By RRuntsch @

For years Illinois has underfunded its five pension systems. For years I have been waving a red warning flag about the American pension charade (see here, here, here, and here for a small sample), but public pensions are controlled directly or indirectly by politicians. Those politicians don’t ever want to subject their constituents to the painful measures it will take to fully fund pensions, and so rather than doing what is necessary to make the systems solvent long term, they place their faith in overly optimistic return assumptions.

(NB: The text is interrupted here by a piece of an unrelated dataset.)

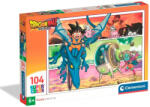 Dragon Ball Daima 104 db-os puzzle Clementoni (CMC25089) - oliviashop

Illinois is trying one last ditch effort, using the same overly optimistic strategy. The state is considering borrowing money and investing it to fund its pension system. To benefit the pension system at all, the state will have to earn a higher rate of return on the investments than it must pay in interest. That won’t always happen. In any years with negative returns on the investments, not only will the pension system receive nothing, but taxpayers will be asked to put their resources into funding the debt rather than shoring up the pension system. Even less money will be spent on the services the state actually exists to provide.

Perhaps worst of all, the state’s plan relies on market timing. That’s a bad strategy in good times, but in the heat of the second longest bull market in history, it seems even worse. Elizabeth Campbell reports on the plan for Bloomberg:

“We’re in a situation in Illinois where our pension debt is just crushing,” Martwick, a Democrat who chairs the committee, said in a telephone interview. “When you have the largest pension debt in the world, you probably ought to be thinking big.”

Illinois owes $129 billion to its five retirement systems after years of failing to make adequate annual contributions. Because the state’s constitution bans any reduction in worker retirement benefits, the government’s pension costs will continue to rise as it faces pressure to pay down that debt, a squeeze that has pushed Illinois’s bond rating to the precipice of junk.

Many American governments have sold bonds for their pensions, albeit on a much smaller scale. Illinois did so in 2003, when it issued a record $10 billion of them. New Jersey also tried it, only to see its pension shortfall soar again after the state failed to make adequate payments into the system for years. Detroit’s pension-fund borrowing in 2005 and 2006 helped push it into bankruptcy.

On the whole, the track record has been mixed, according to a study by the Center for Retirement Research at Boston College. Much hinges on timing the stock market: While most pension bonds have been profitable because of equity gains since the recession, those sold after the late 1990s rally or before the 2008 crash lost money, the study found. The S&P 500 Index climbed 19 percent last year and has continued to hit new highs.